A simple implementation of Self-Forcing for autoregressive video generation based on the paper: https://arxiv.org/abs/2506.08009

For standard autoregressive generation (no GT frames):

Teacher-Forcing: Trains with GT → inference without GT = exposure bias
Self-Forcing: Trains with generated → inference with generated = no exposure bias ✓
Diffusion-Forcing: Also handles this case well (boundary=0 during training)

So for standard generation, Self-Forcing and Diffusion-Forcing are similar - both avoid exposure bias.

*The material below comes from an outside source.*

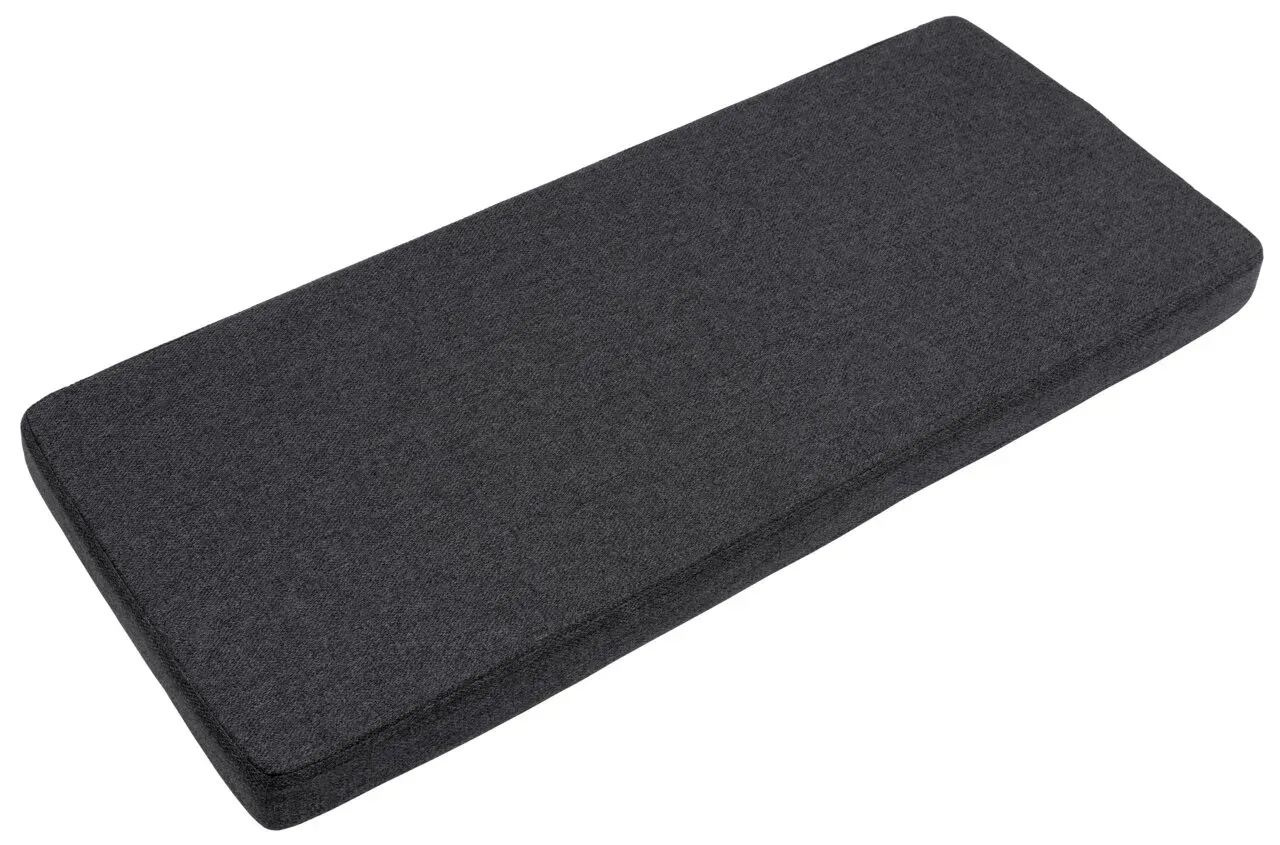 MID.YOU Sitzkissen SCOUT - B/H/T ca. 80.00x33.00x5.00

But here’s where Diffusion-Forcing shines:

One model, many tasks: The SAME model can do: - Generate video from text (no frames given) - Continue a video (some frames given) - Fill in missing frames (inpainting) - Enhance low-res frames (some noisy frames given)
Real-world scenarios often DO have some clean frames: - Video editing: “Keep frames 1-10, regenerate 11-20” - Video restoration: “These frames are corrupted, fix them” - Frame interpolation: “I have every 3rd frame, fill the gaps”
Robustness: Because it trained with random boundaries, it’s more robust to different starting conditions

Example: Imagine you’re building a video AI product. With:

Teacher/Self-Forcing: Need separate models for generation, inpainting, interpolation
Diffusion-Forcing: ONE model handles everything

The advantage isn’t just about avoiding exposure bias - it’s about flexibility. You train once and can deploy for many different use cases.

Overview

Self-Forcing addresses the “exposure bias” problem in autoregressive models by training with self-generated context rather than ground-truth frames. This implementation demonstrates the key concepts:

Autoregressive generation with KV caching - Efficient streaming generation
Self-generated context during training - Reduces exposure bias
Few-step diffusion - Balances quality and speed
Gradient truncation - Manages computational cost
Holistic sequence loss - Improves temporal coherence

Files

self_forcing.py - Core implementation with:
- KVCache: Rolling key-value cache for streaming
- SimpleDiffusionModel: Basic diffusion model with attention
- SelfForcingTrainer: Training logic with self-forcing
example.py - Demonstration of training and streaming generation

Usage

from self_forcing import SimpleDiffusionModel, SelfForcingTrainer

# Create model
model = SimpleDiffusionModel(input_dim=64, hidden_dim=128)

# Initialize trainer
trainer = SelfForcingTrainer(model, num_diffusion_steps=5)

# Train with self-forcing
trainer.train(dataloader, num_epochs=10)

Key Innovation

Unlike traditional autoregressive training that conditions on ground-truth frames, Self-Forcing conditions each frame on previously self-generated outputs during training, making the model more robust to its own prediction errors during inference.